In the cellar of the Old Synagogue the so-called Erfurt Treasure is exhibited, which was in all likelihood buried during the pogrom of 1349 – a unique find in volume and composition. This treasure was discovered in 1998 after archaeological digs in the immediate neighbourhood of the synagogue on the plot of Nos. 43/44 Michaelisstraße. It was buried under the wall of a cellar entrance.
The treasure has a total weight of about 28 kilogrammes. The largest part in terms of quantity consists of 3,141 silver coins as well as 14 silver bars of different sizes and weights. Furthermore the find contained more than 700 individual pieces of Gothic goldsmith’s art with some pieces of the highest quality. The outstanding piece is a golden Jewish wedding ring from the early 14th century, which is exhibited in its own showcase in the middle of the exhibition room.
In addition to this a collection of silver tableware, which is composed of a set of eight goblets, a jug, a drinking vessel and what is known as a double head (a double vessel consisting of two cups which fit together so that one forms the lid for the other) were part of the find.
Of the pieces of jewellery special mention should be made of eight brooches of different sizes and designs, some of which are richly set with stones, as well as seven more rings made of gold and silver. Belt sections and clothing decorations represent the numerically largest share of the goldsmith’s works.

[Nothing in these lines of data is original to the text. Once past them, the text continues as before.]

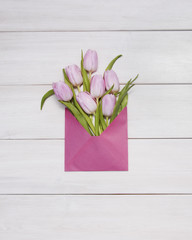Pink tulips on white wooden background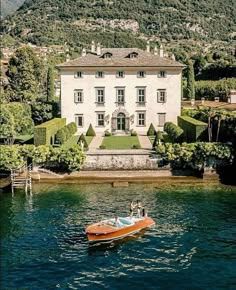 a boat in the water near a large house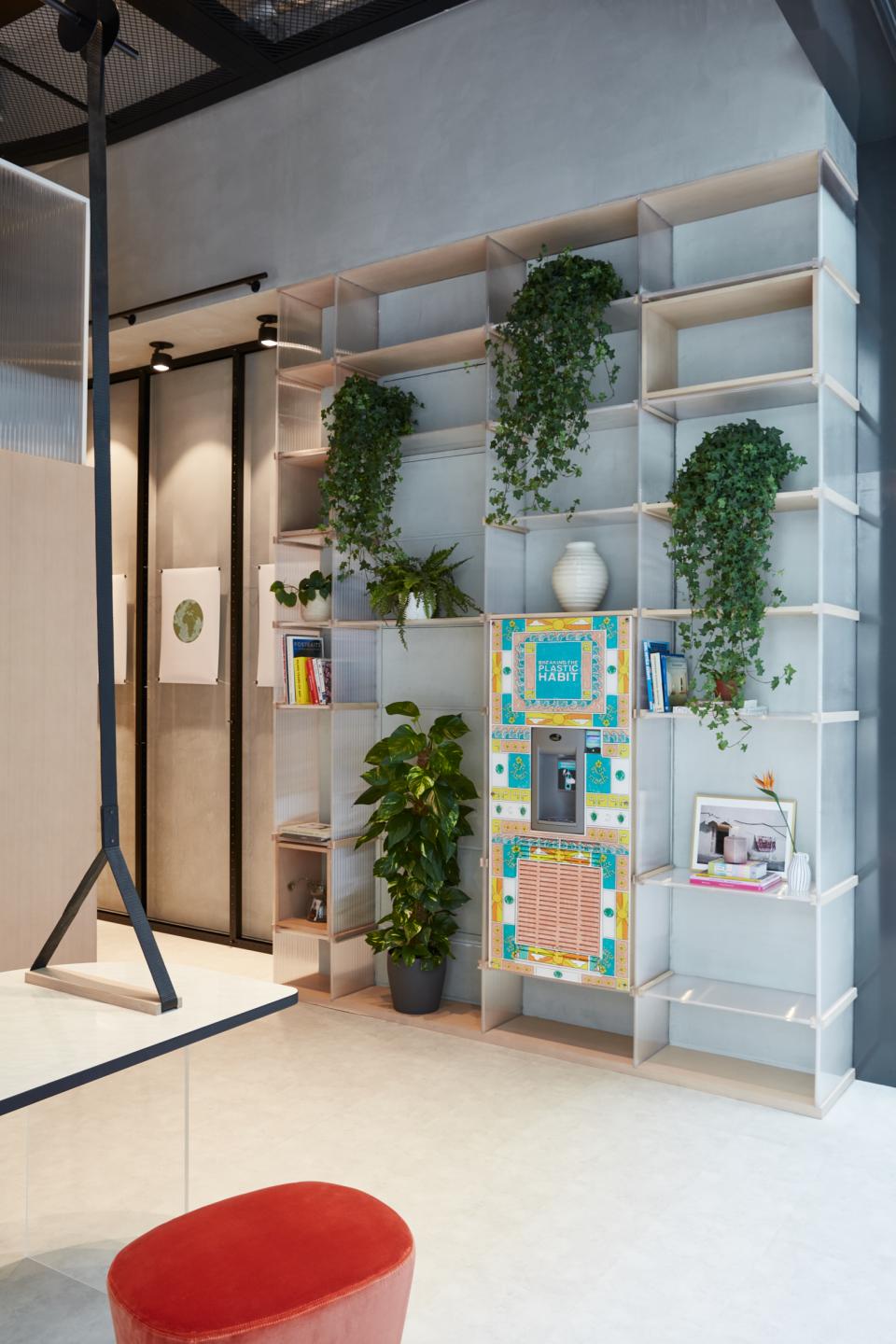 Contemporary interior of Roar Studio in Dubai featuring shelves, plants, and a colorful vending machine in a cultural hub.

Comparison with other examples of goldsmith’s work and associated craftsmanship together with contemporaneous images date the treasure from the 13th century to the first half of the 14th century, i.e. Gothic style. Although the Gothic period was an exceptionally jewellery-rich period, where men and women liked to show their wealth with numerous adornments, only very few non-ecclesiastical goldsmith’s works have been preserved due to the value of the raw materials and the changes in fashion. This makes the Erfurt Treasure a unique collection, which has been exhibited in New York, London and Paris and has been on permanent display in the Old Synagogue since 2009.